§ **WHAT NEEDS TO BE DONE**
Pictures stay out of the copy, which must hold exactly the lines from the one containing "POE-INJECTOR (F) - �������� 1" through the end of the material below.

§ **DATA SUPPLIED**
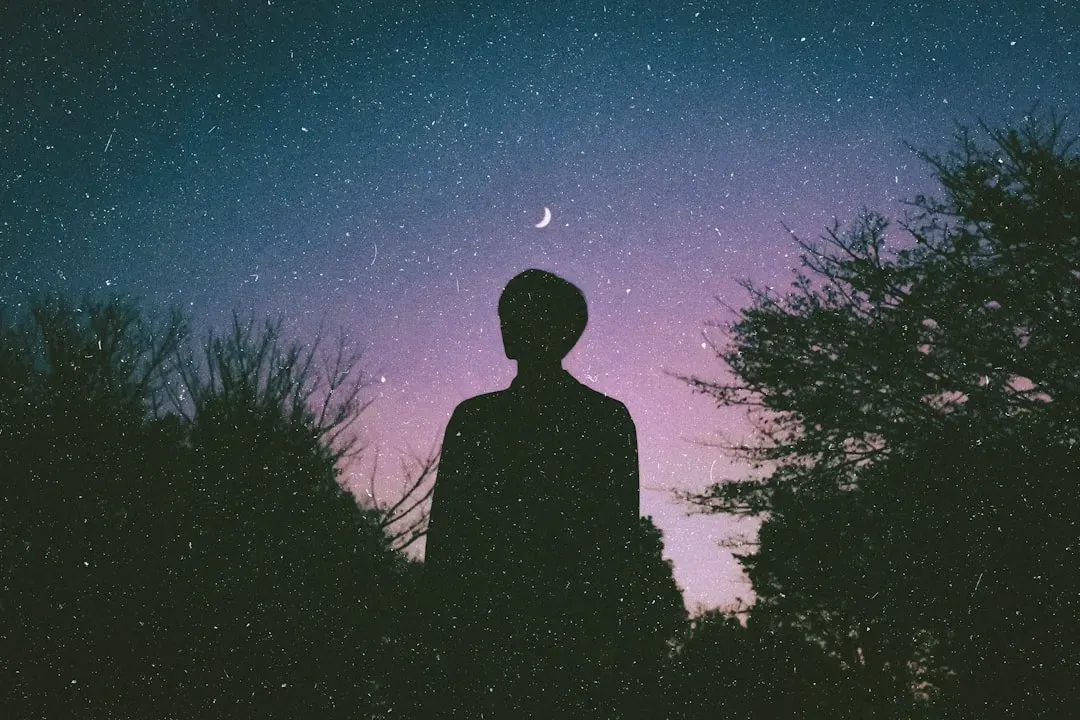 The Positive Side of Astrological Awareness (Image Credits: Unsplash)
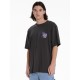 Μπλούζα Emerson 261.EM33.55 CHARCOAL T-Shirt Μπλούζα Emerson 261.EM33.55 CHARCOAL T-Shirt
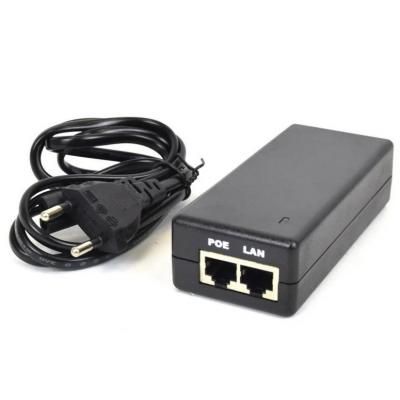 ������� PoE Atis POE-INJECTOR (F) - �������� 1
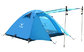Umbrella Camping Tent  Automatic Camping Tent  Two Layer Camping Tent GNCT-013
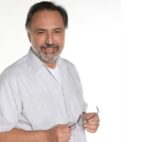 Muere a los 77 años el actor venezolano Alejandro Mata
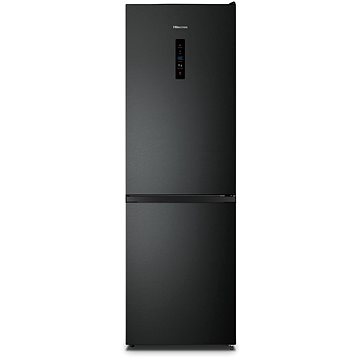 

HISENSE RB390N4BFC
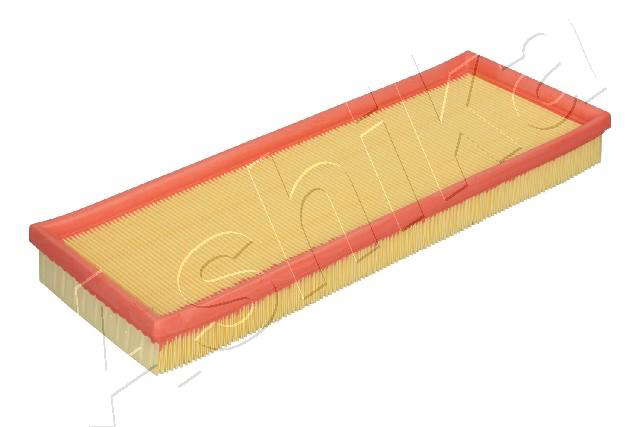 Filtre à air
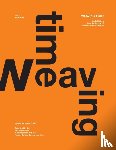 Pyun, Kyunghee - Weaving Time 2015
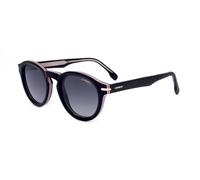 Carrera Gafas de Sol 306/S Striped black 48/24/150 UNISEX
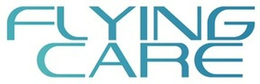 FLYING CARE trademark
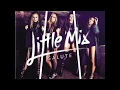 Download Lagu CNCO feat. Little Mix - Reggaeton Lento (Remix) (Audio completo)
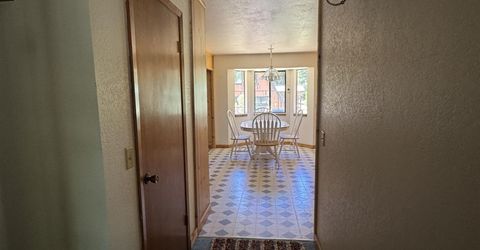 13 Yokut Trail, Graeagle, CA 96103 Photo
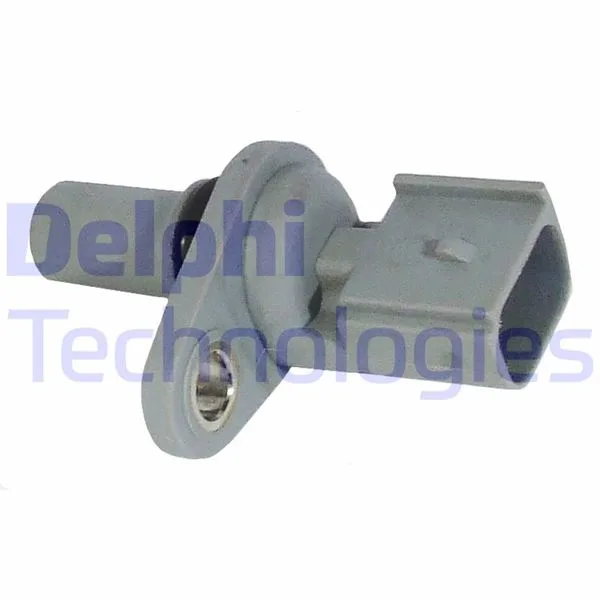 Eksantrik Mil Sensoru Peugeot BOXER 3 Citroen JUMPER 3 2.2HDI E4 E5 2006 Ford V184 2.0TDCI 2.4TDC 1 2001-2006 V347 2.2TDCI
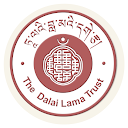 Dalai Lama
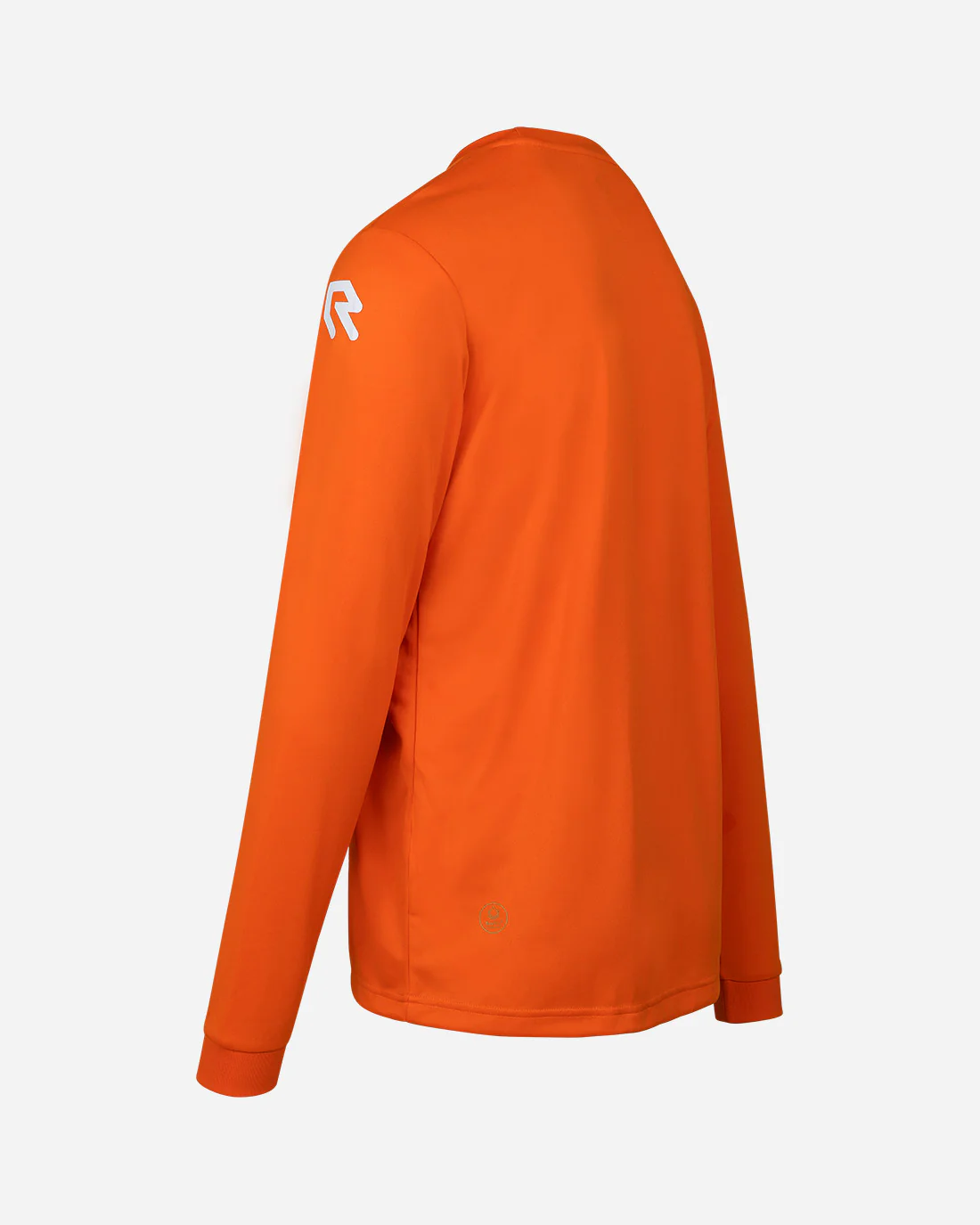 Crossbar Shirt LS - Image 12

§ **RESPONSE AREA**
 ������� PoE Atis POE-INJECTOR (F) - �������� 1
Umbrella Camping Tent  Automatic Camping Tent  Two Layer Camping Tent GNCT-013
 Muere a los 77 años el actor venezolano Alejandro Mata

HISENSE RB390N4BFC
 Filtre à air
 Pyun, Kyunghee - Weaving Time 2015
 Carrera Gafas de Sol 306/S Striped black 48/24/150 UNISEX
 FLYING CARE trademark
 Download Lagu CNCO feat. Little Mix - Reggaeton Lento (Remix) (Audio completo)
 13 Yokut Trail, Graeagle, CA 96103 Photo
 Eksantrik Mil Sensoru Peugeot BOXER 3 Citroen JUMPER 3 2.2HDI E4 E5 2006 Ford V184 2.0TDCI 2.4TDC 1 2001-2006 V347 2.2TDCI
 Dalai Lama
 Crossbar Shirt LS - Image 12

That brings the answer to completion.